Review by libgirl69 (LibraryThing), July 18, 2013 I can't decide if I want to give it fewer stars then that. I read it at breakneck speed and man, is it dark. And I'm not all that satisfied with the end. I feel like I understand where she was going with it but it doesn't actually add up, you know?
Review by sumik (LibraryThing), July 18, 2013 Find this review and more at On The Shelf! This was a very exciting ending to The Hunger Games trilogy! This book had the most action in it of all three and several ups and downs. There are things I liked and things I definitely think should have been different. Katniss is as strong as ever and we can see at several points how hurt and traumatized she is from everything the Capitol has put her through. President Snow is a disgusting man and I imagine him as a horrible snake that was transformed human since he has that kind of personality. Peeta’s change is quite surprising and it really hurt my heart that he was so different, but with what happened to him, yeah I would be different, too. There is just so much going on in this book! Things getting blown up, people dying, more things getting blown up, disturbing Capitol bred creatures showing up, explosions and more dying. There are not many slow points during this book. My biggest complaint, though, would have to be the way the uprising ended. It was a bit anticlimactic for me the way everything went down. I was hoping it was going to build for this huge blow out, but it didn’t have the bang I wanted it to. I know this book is going to be hard to watch on the big screen. For those of you who have already read this book, you guys know what I’m talking about. I’m glad they will be splitting Mockingjay into two movies, so hopefully they will get everything the way it should be. I’m very excited for the movies and I really enjoyed this trilogy! Action, hurt my heart, strong heroine, anticlimactic uprising.

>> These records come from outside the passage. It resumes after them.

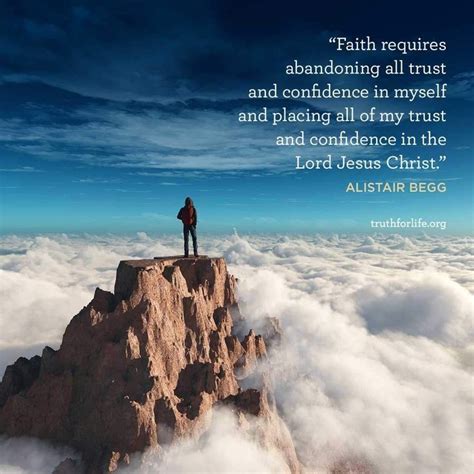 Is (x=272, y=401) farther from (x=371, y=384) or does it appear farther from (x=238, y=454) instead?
(x=371, y=384)

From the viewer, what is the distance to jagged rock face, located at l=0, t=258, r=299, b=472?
44.6 meters

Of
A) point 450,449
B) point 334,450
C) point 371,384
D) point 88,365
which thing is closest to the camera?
point 88,365

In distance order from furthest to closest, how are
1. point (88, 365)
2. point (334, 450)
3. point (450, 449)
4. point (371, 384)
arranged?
point (371, 384) < point (450, 449) < point (334, 450) < point (88, 365)

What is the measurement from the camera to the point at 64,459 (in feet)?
148

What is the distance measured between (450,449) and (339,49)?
292 feet

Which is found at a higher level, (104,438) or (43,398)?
(43,398)

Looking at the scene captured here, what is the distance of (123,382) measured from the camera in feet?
150

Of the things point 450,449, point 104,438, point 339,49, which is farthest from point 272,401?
point 339,49

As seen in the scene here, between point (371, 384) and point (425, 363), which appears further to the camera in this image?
point (425, 363)

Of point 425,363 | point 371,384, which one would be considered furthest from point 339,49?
point 425,363

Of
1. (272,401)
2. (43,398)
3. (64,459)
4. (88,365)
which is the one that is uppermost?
(88,365)

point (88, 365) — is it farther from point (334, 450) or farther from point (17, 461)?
point (334, 450)

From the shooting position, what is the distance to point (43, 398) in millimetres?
46875

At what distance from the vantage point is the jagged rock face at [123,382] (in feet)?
146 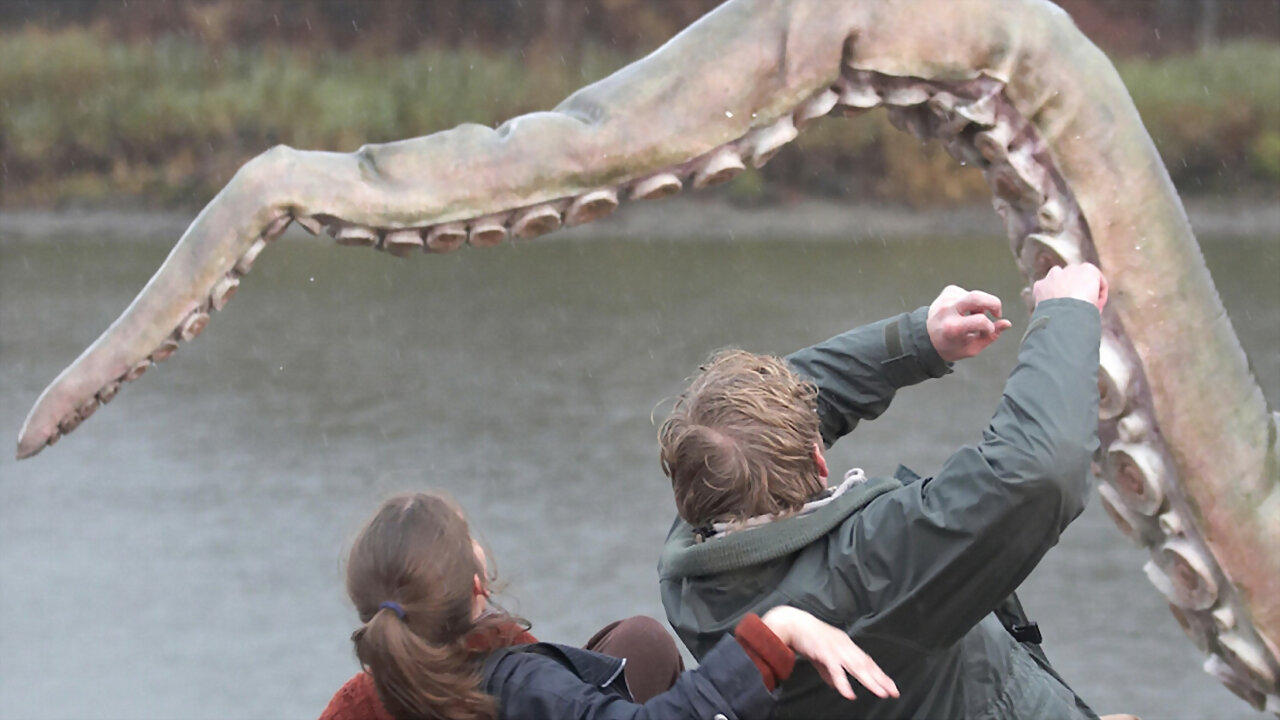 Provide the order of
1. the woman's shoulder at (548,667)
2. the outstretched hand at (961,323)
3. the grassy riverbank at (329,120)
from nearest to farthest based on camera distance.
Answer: the woman's shoulder at (548,667) → the outstretched hand at (961,323) → the grassy riverbank at (329,120)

Review by VykiC37 (LibraryThing), July 15, 2013 BOOOOOOOOO. I don't think anyone wants to know my true opinion of THIS conclusion.

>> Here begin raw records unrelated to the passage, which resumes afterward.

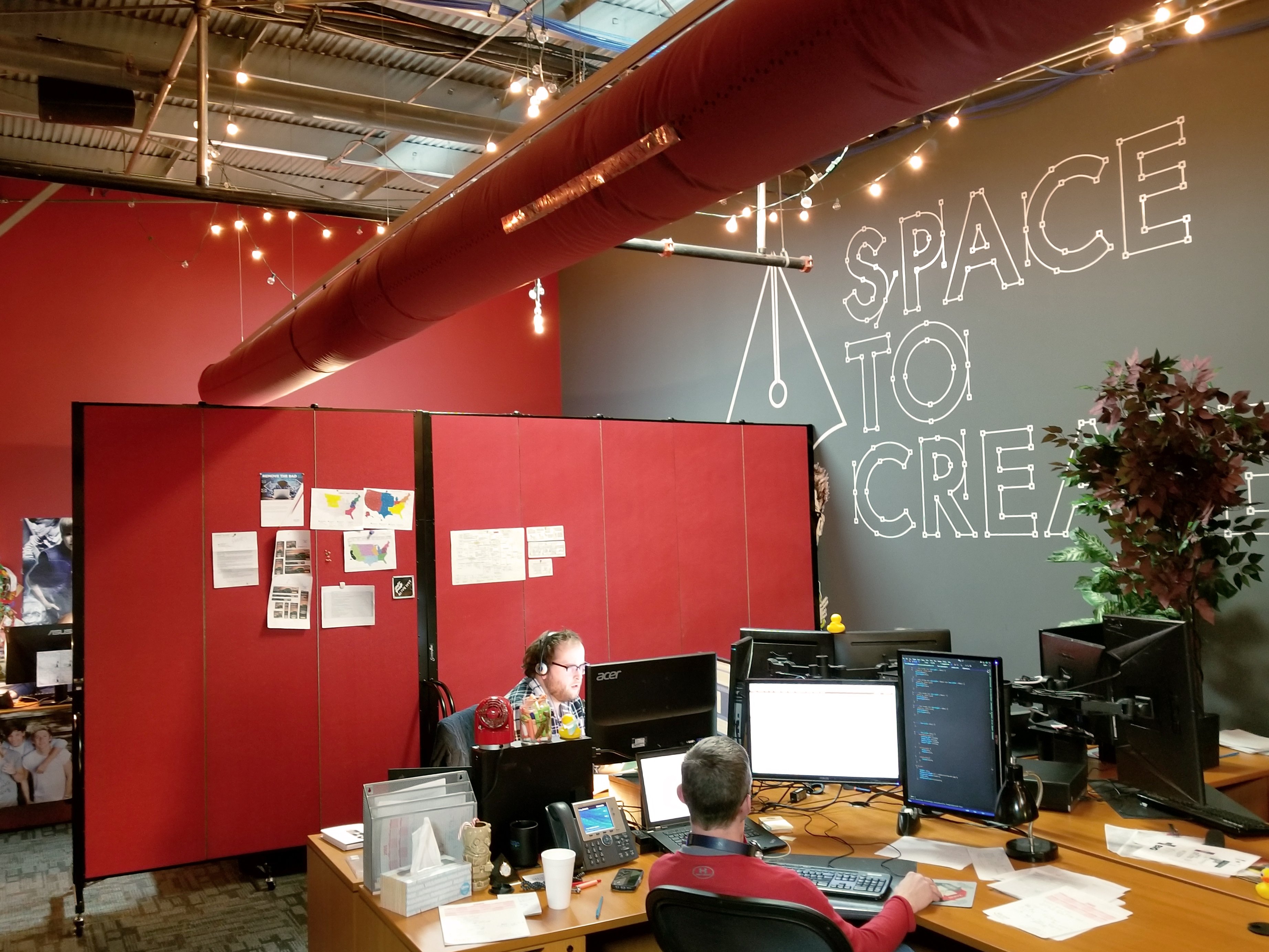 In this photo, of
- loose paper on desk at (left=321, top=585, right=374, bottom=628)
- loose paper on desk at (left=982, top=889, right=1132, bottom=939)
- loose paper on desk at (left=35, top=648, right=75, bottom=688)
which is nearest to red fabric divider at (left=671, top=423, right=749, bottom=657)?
loose paper on desk at (left=321, top=585, right=374, bottom=628)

Review by margaret.armour (LibraryThing), July 15, 2013 This book was absolutely amazing. Hands down one of the best books I've read this year. But it is also heart-wrenching. I now feel as if I am merely an empty shell, devoid of all human feelings and emotions. I don't know what to think or do, and I most DEFINITELY don't know what to read next. Books are my escape, but what do I read when a book is what has sent me into this state? What happens now?
Review by Irene.Ghattas (LibraryThing), July 12, 2013 At times, the writing in this book was almost incomprehensible. I literally had to STOP reading, GO BACK, and read it AGAIN, in order to understand some sentences. Sometimes I couldn't tell who was talking, what the character was referring to, or who he or she was talking to. It was frustrating. However, the conclusion was satisfying.